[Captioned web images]
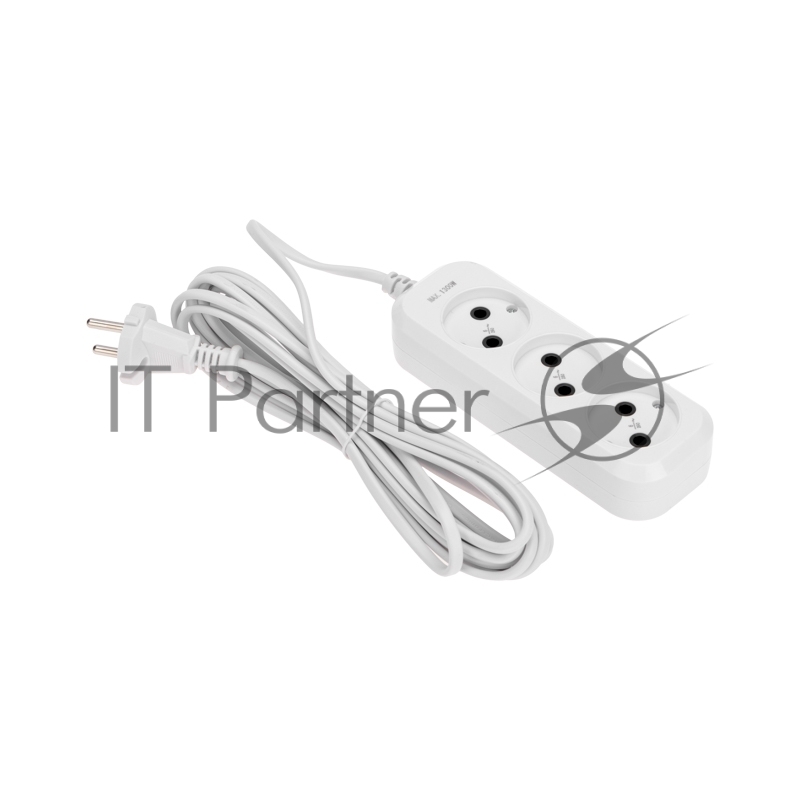 Удлинитель 3 гнезда, 5 м, 2х0,75 мм², б/з, белый PROconnect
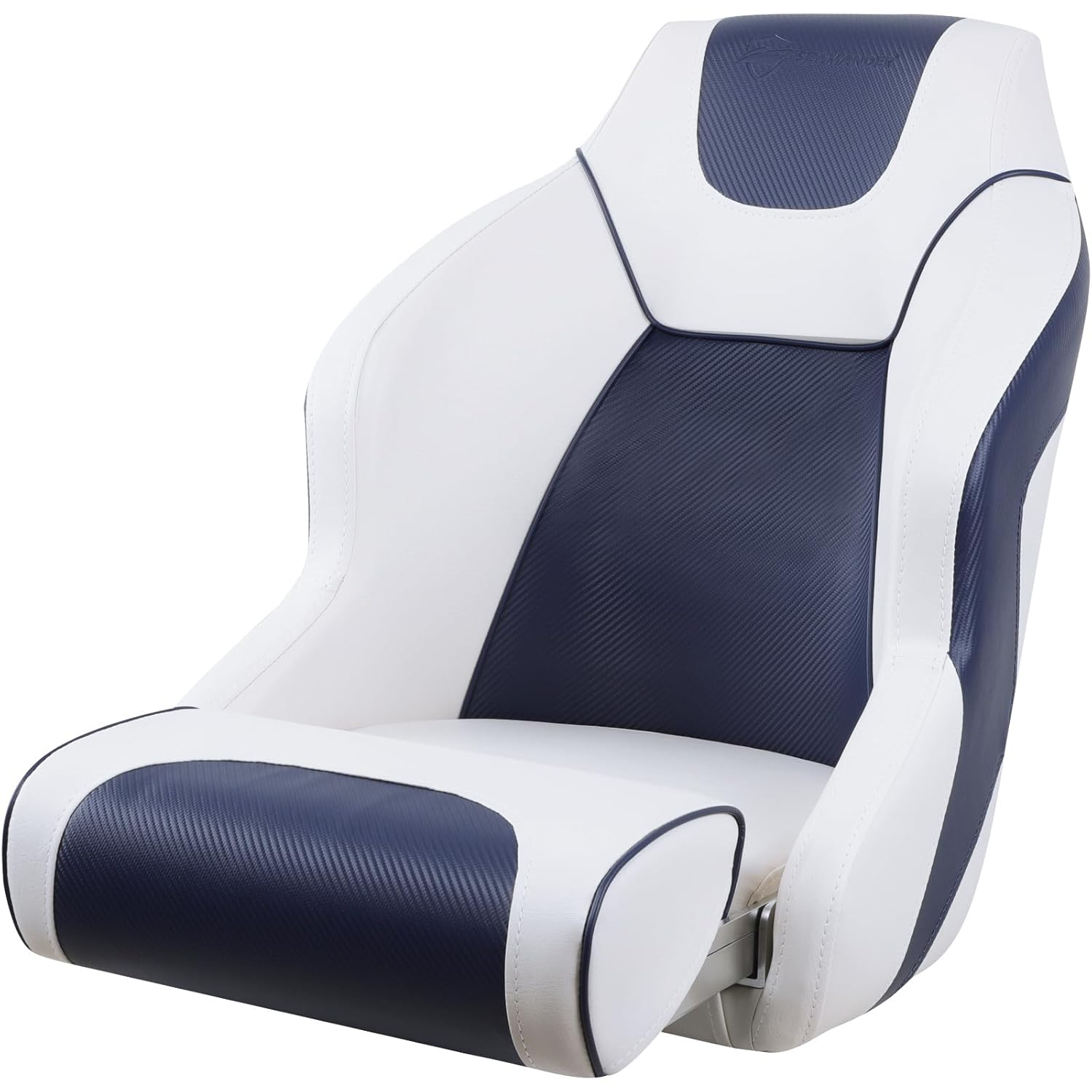 Seamander S1045 series Premier Pontoon Furniture Bucket Seat, Captain Seat, Colors White/Blue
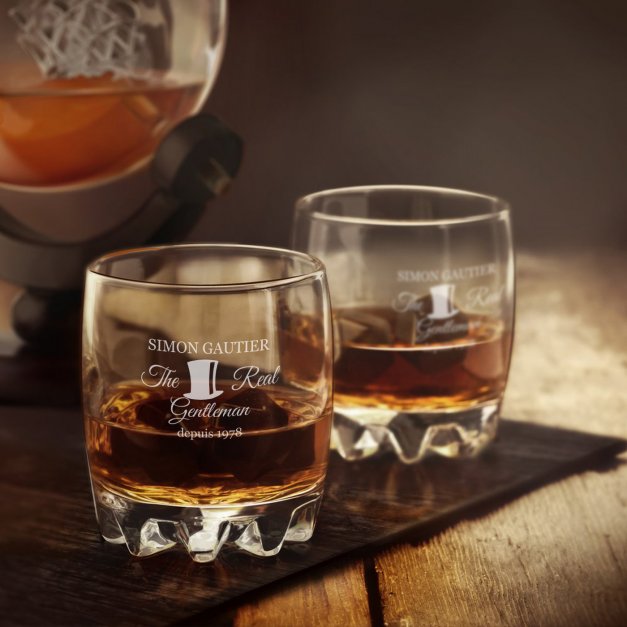 6 verres Sylvana avec gravure pour l'anniversaire d'un gentleman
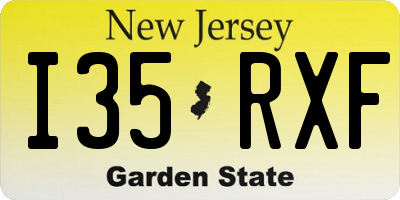 NJ license plate I35RXF
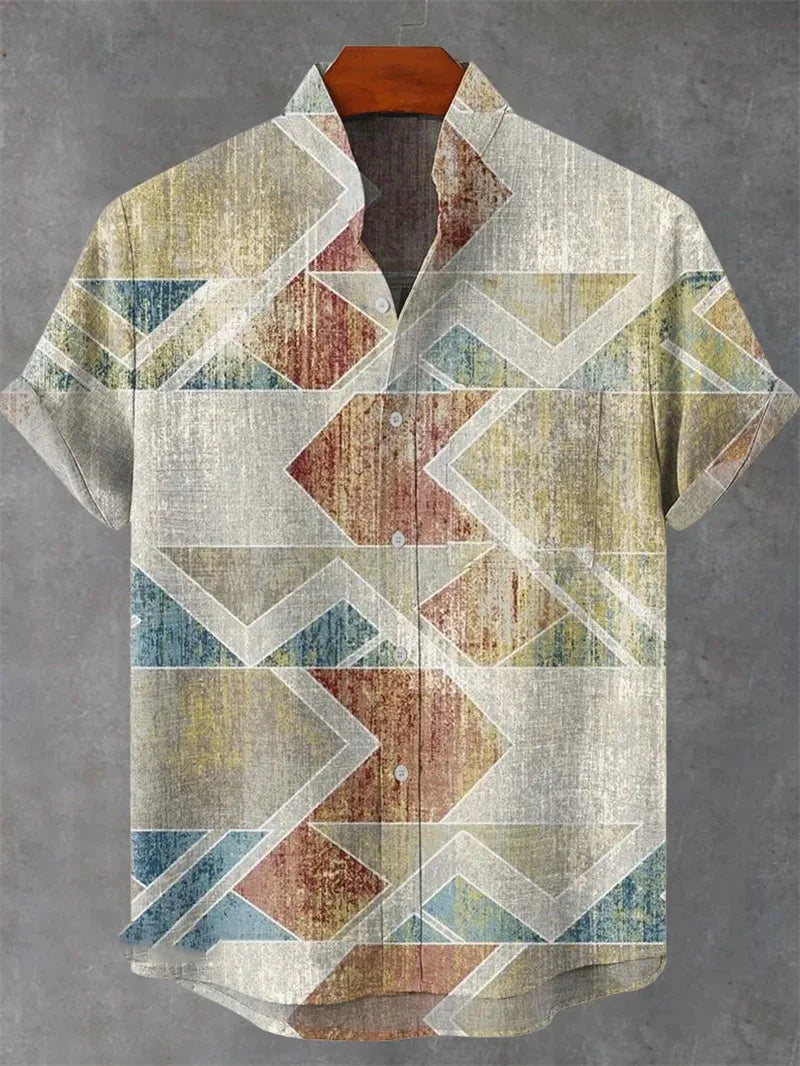 🏝️ The Tropical Horizon 3D Masterpiece: Premium Men's Cotton-Linen Blend Hawaiian Shirt – High-Definition Artistic Print, Breathable Short-Sleeve Button-Up, and Sophisticated Resort Silhouette SFQQQD404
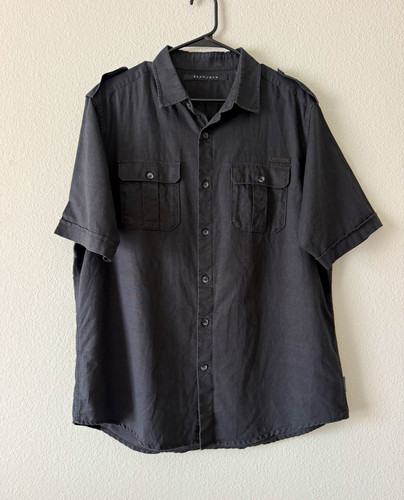Sean John Military Safari Shirt XL Mens Black Linen Cotton Blend Utility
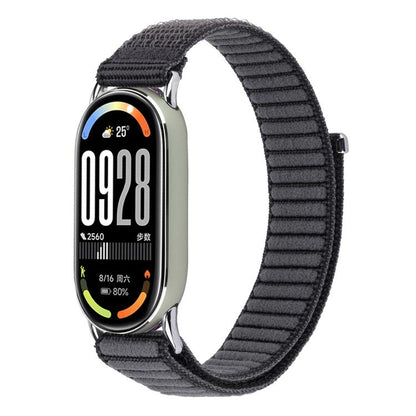 For Xiaomi Smart Band 10 / 9 / 8 xDfind Woven Nylon Hook And Loop Fastener Watch Band(Charcoal Grey) by xDfind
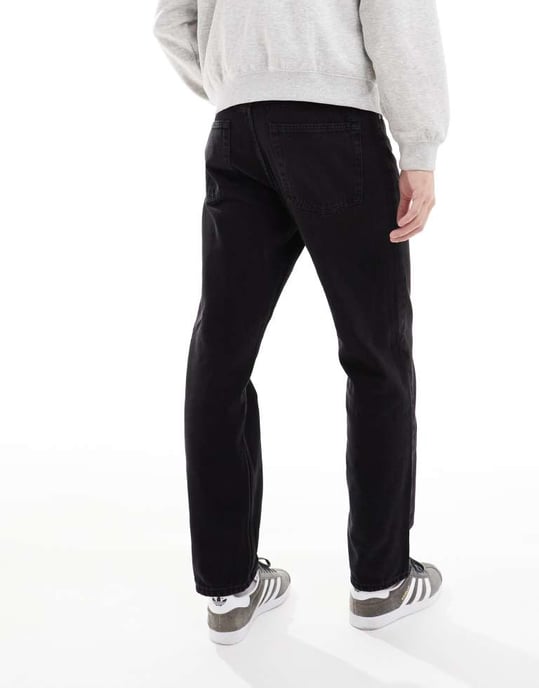 ONLY & SONS raka jeans i tvättad svart - Image 4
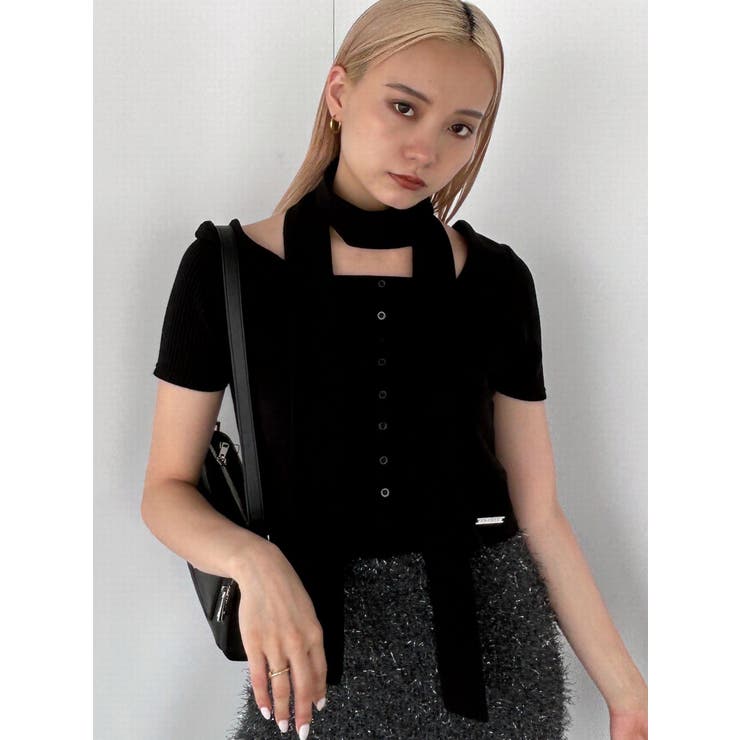 ブラック | スリムタイボタントップ | EMODA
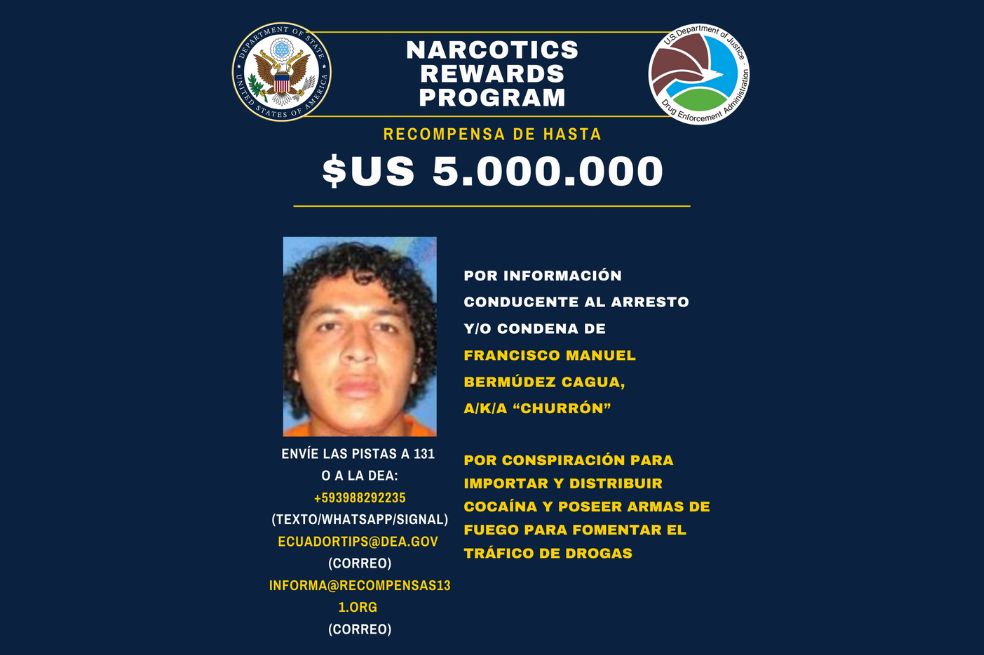 ¿Quién es alias ‘Churrón’, líder de Los Choneros por el que EE. UU. ofrece recompensa?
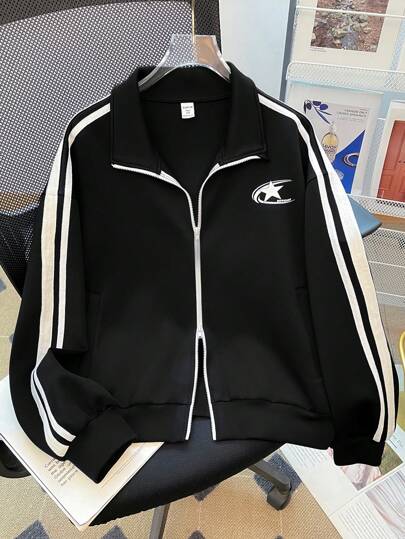 SHEIN 少女针织分层拉链立领白色条纹罗纹饰边长袖学院风夹克，厚面料，秋冬过渡装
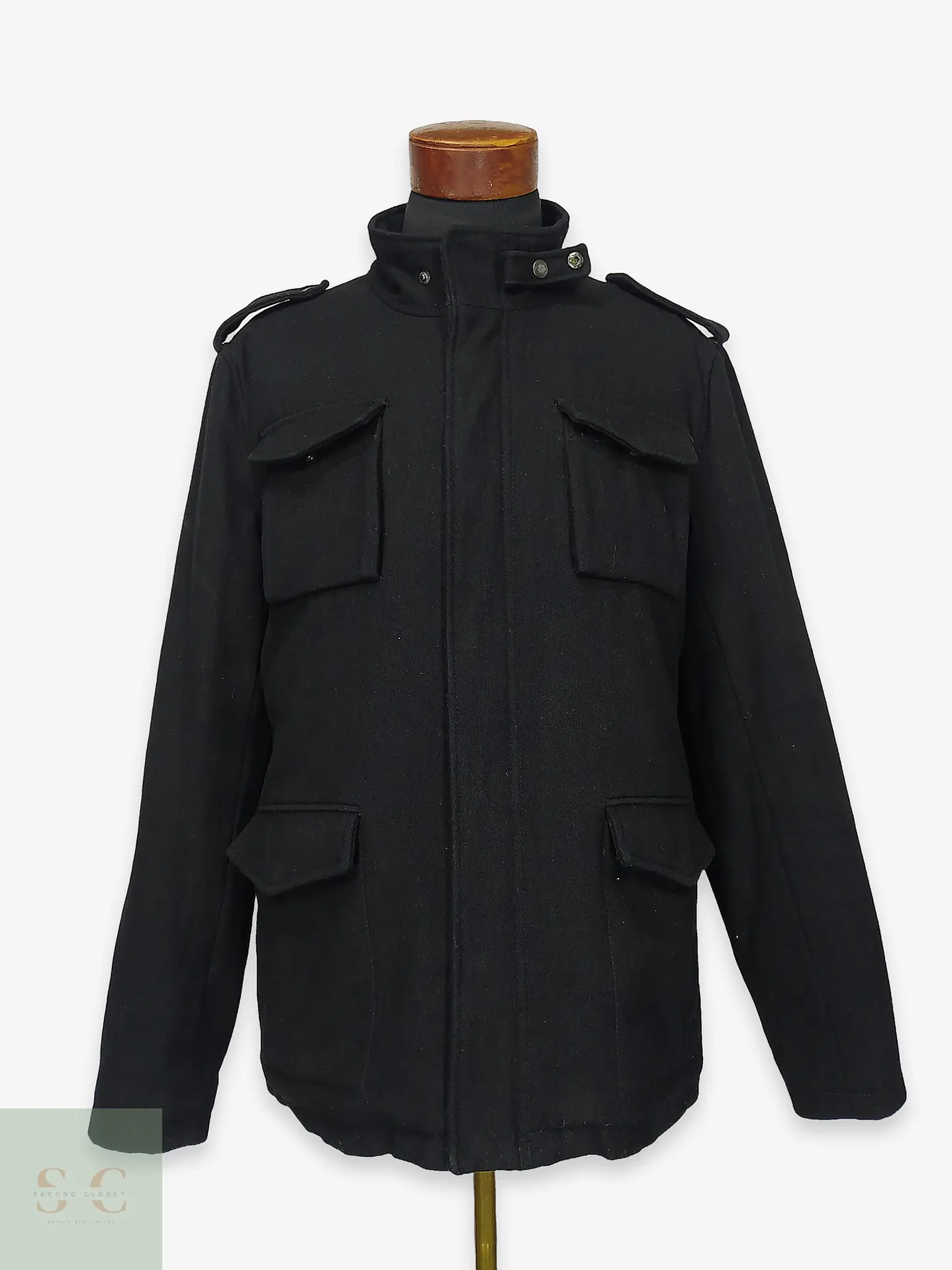 Chaquetón Estilo Militar M-65 en Paño Negro Shine High Class Talla SM 1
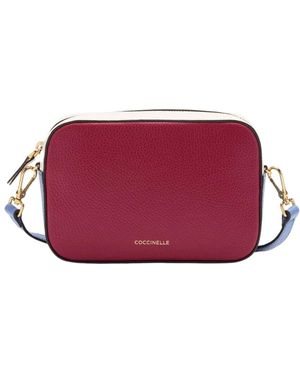 Coccinelle Leder Kameratasche Tricolor Sangria/Blanco/Azul - Rot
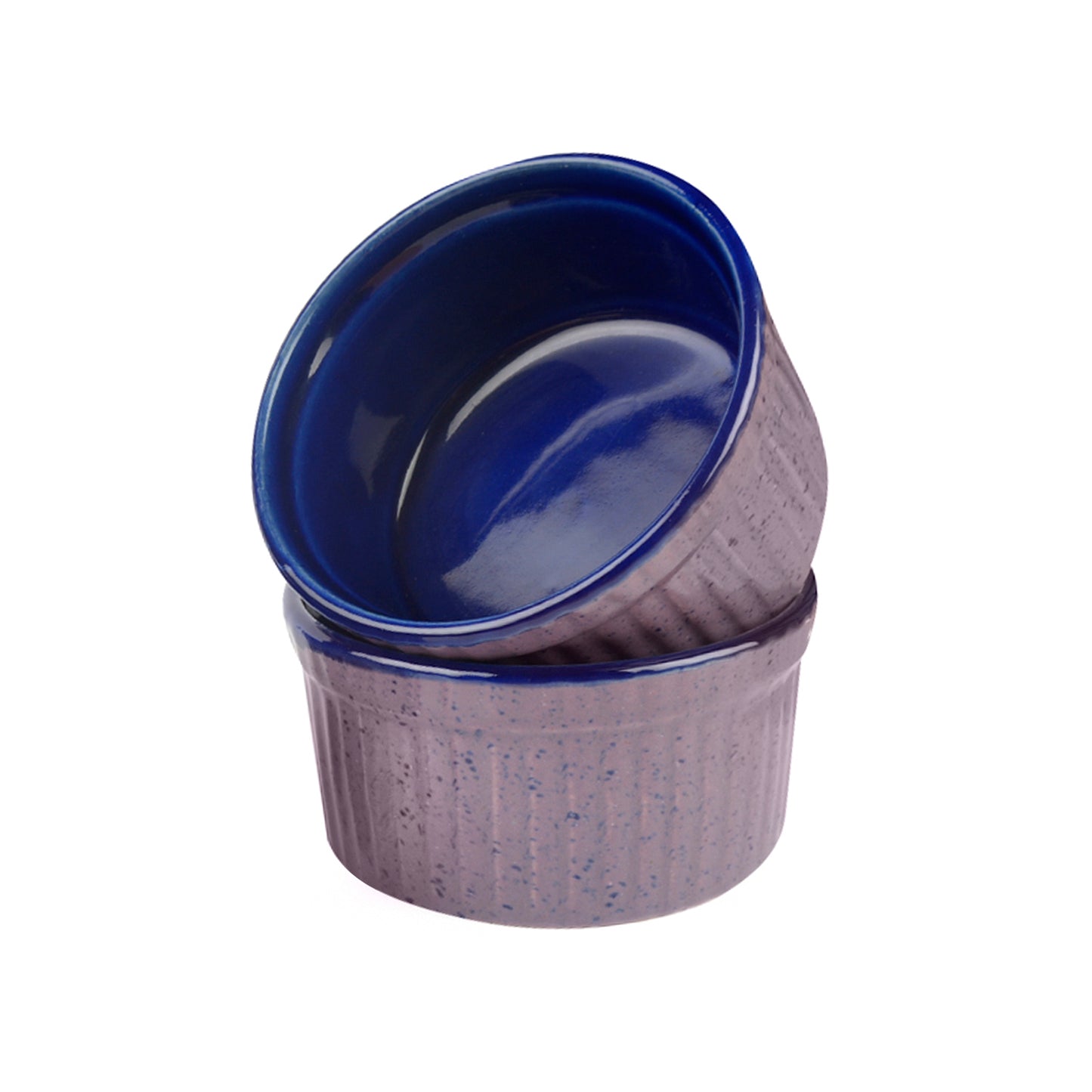 Studio Pottery Ceramic Dessert/Dip Bowls (Set of 2, Purple,Blue) - View 3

## Exercise objective
The final stretch of the data, from the line with "Resort Silhouette SFQQQD404" through its last line, is to be retyped exactly; pictures are not part of the copy.

## Answer to this exercise
 🏝️ The Tropical Horizon 3D Masterpiece: Premium Men's Cotton-Linen Blend Hawaiian Shirt – High-Definition Artistic Print, Breathable Short-Sleeve Button-Up, and Sophisticated Resort Silhouette SFQQQD404
Sean John Military Safari Shirt XL Mens Black Linen Cotton Blend Utility
 For Xiaomi Smart Band 10 / 9 / 8 xDfind Woven Nylon Hook And Loop Fastener Watch Band(Charcoal Grey) by xDfind
 ONLY & SONS raka jeans i tvättad svart - Image 4
 ブラック | スリムタイボタントップ | EMODA
 ¿Quién es alias ‘Churrón’, líder de Los Choneros por el que EE. UU. ofrece recompensa?
 SHEIN 少女针织分层拉链立领白色条纹罗纹饰边长袖学院风夹克，厚面料，秋冬过渡装
 Chaquetón Estilo Militar M-65 en Paño Negro Shine High Class Talla SM 1
 Coccinelle Leder Kameratasche Tricolor Sangria/Blanco/Azul - Rot
 Studio Pottery Ceramic Dessert/Dip Bowls (Set of 2, Purple,Blue) - View 3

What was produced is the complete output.